Reports that Democrats in the state legislature are looking to redirect funds for high-speed rail from the Central Valley to Los Angeles and the Bay Area should be welcome by anyone who believes in rational transportation spending. But any revised rail plan should be carefully vetted and, ideally, put back in front of the electorate.
“Assembly Democrats see greater public value in improving passenger rail from Burbank to Anaheim, relieving congestion on the busy Interstate 5 corridor before the 2028 Summer Olympics in Los Angeles and putting additional money into San Francisco commuter rail,” the Los Angeles Times recently reported.
Democrats want to finish the 119-mile rail segment under construction in the Central Valley but would indefinitely defer extensions to Merced and Bakersfield. They would also put on hold electrification of the initial operating segment, meaning that the line would be served by diesel trains going around 135 miles per hour rather than the 220 mph originally promised. In this scenario, the remaining bond money would be shifted to rail projects in Southern California and the Bay Area.
“I can’t stand by and watch billions of dollars being spent in the hopes of future ridership in the Central Valley, while there is thirst for faster and better train service in Orange and Los Angeles counties,” Assemblyman Tom Daly, D-Anaheim, said.
While it would be wiser to spend transportation funding on adding highway capacity and bus rapid transit, we recognize that these options are non-starters for the high-speed rail bond money and current legislature: That money is destined for rail, but lawmakers should have voters weigh in on the next steps and spending of the bond money.
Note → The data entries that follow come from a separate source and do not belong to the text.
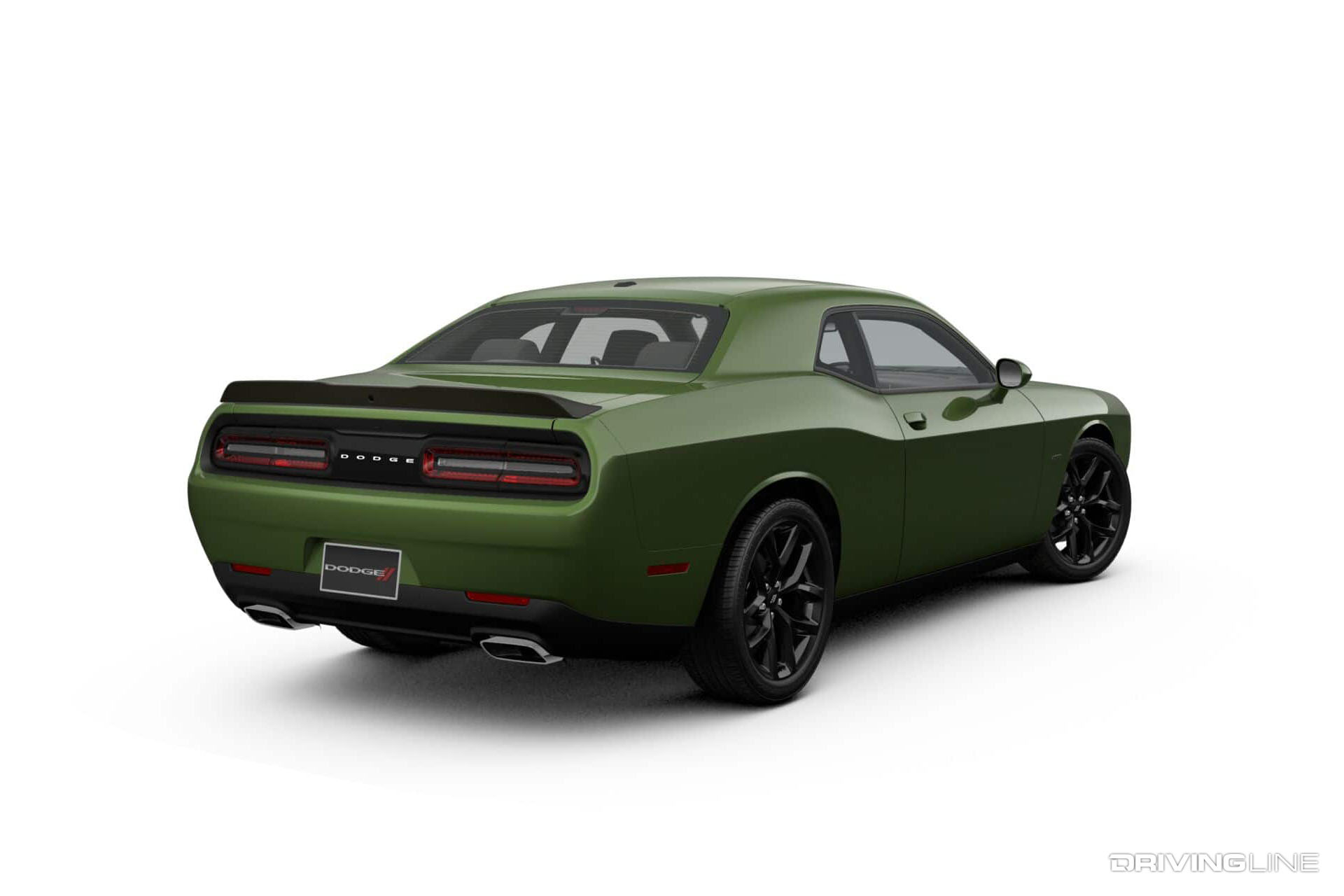 2019 Challenger R/T Green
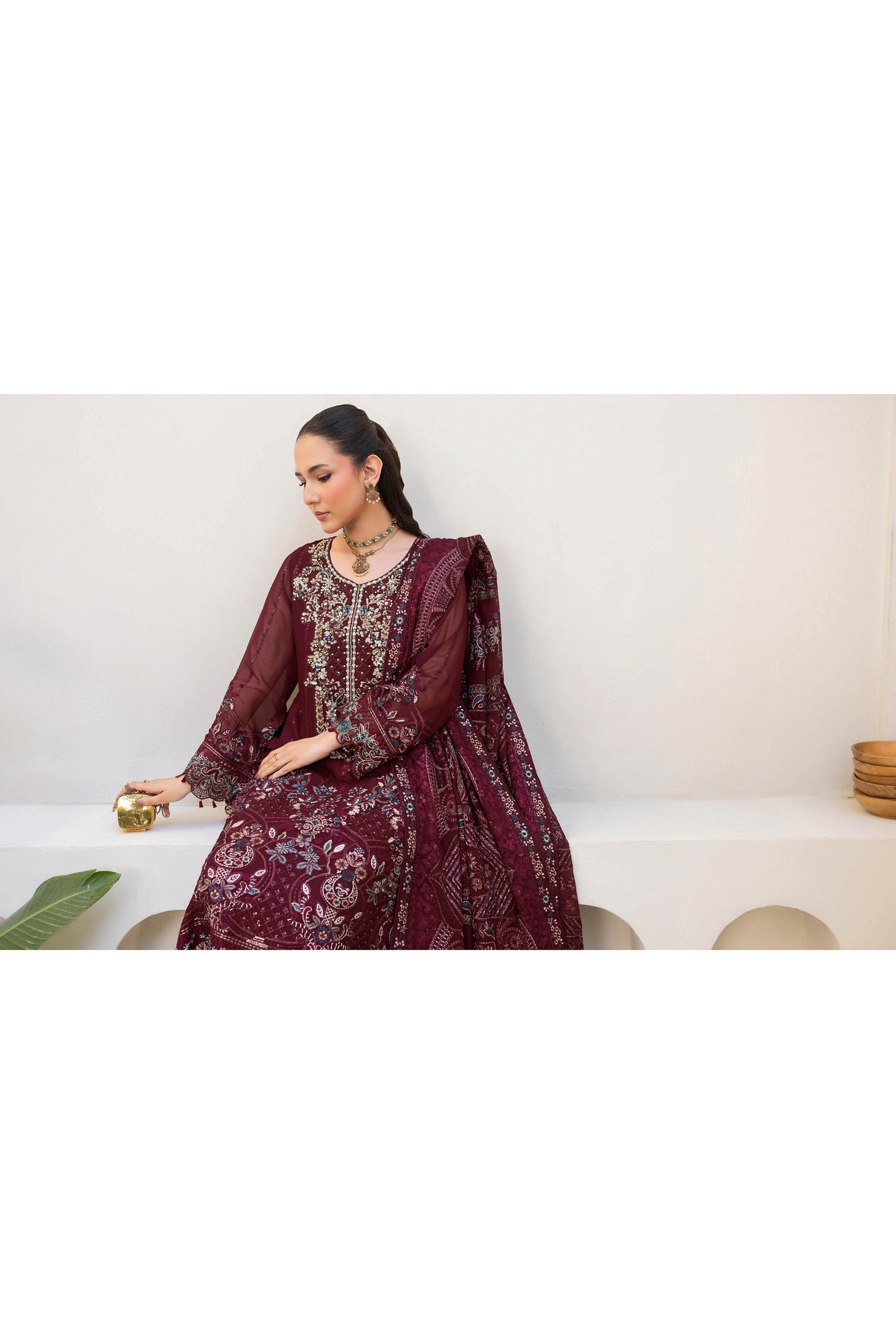 RAMSHA DASTAN LUXURY CHIFFON COLLECTION VOL5 2026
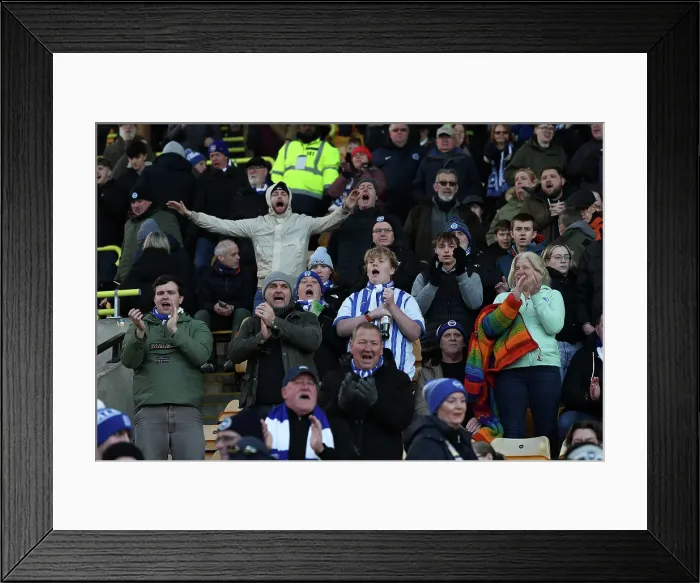Framed Print : Norwich City v Brighton and Hove Albion Emirates FA Cup 11JAN25 Framed Print : Norwich City v Brighton and Hove Albion Emirates FA Cup 11JAN25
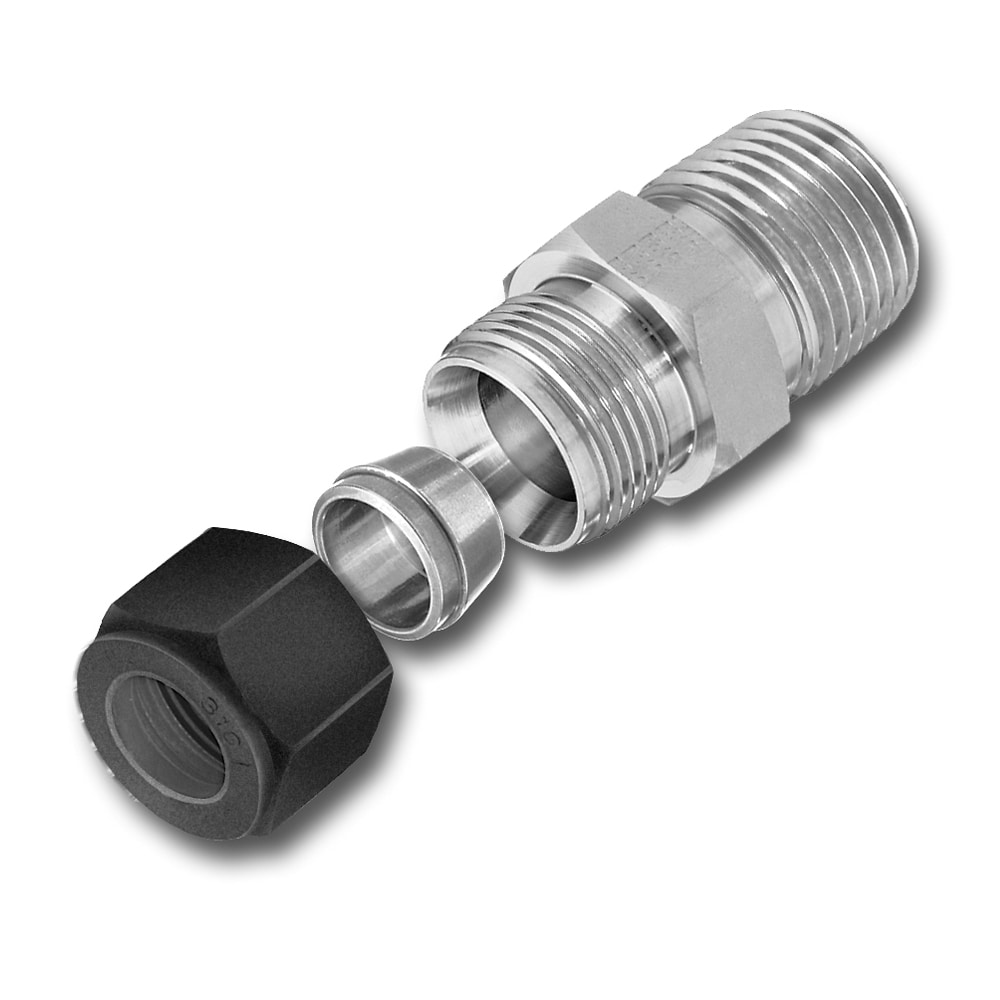  Трубный фитинг, компрессионный фитинг с одним обжимным кольцом - серия CPI™ Tube Fitting,Single Ferrule Compression Fitting - CPI™ Series - артикул: 2-1 ZHCZ7-S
In 2008, voters approved a $9.95 billion bond measure for an electrified high-speed rail system guaranteed to go from San Francisco to Los Angeles in two hours and 40 minutes or less. Since then a series of costly blunders have prompted multiple governors, the state legislature and the California High-Speed Rail Authority (CHSRA) to make major changes to the voter-approved proposition. While some modifications to the plan were understandable reactions to its rising costs and the lack of private investment, the combined effect has been to vastly underdeliver on what was sold to voters.
As of July, $5.96 billion of the original bond remained unissued. There is no credible plan for funding and building the complete high-speed system, so it is hard to argue that today’s bond proceeds would be funding the project that voters ratified in 2008. While this latest idea from Democrats is correct —it would be more cost-effective to improve commuter rail service along highly-populated, congested travel corridors than to continue with high-speed rail in the Central Valley—it’s not what taxpayers approved in 2008. And if bonds are issued without a solid legal foundation, they run the risk of being invalidated.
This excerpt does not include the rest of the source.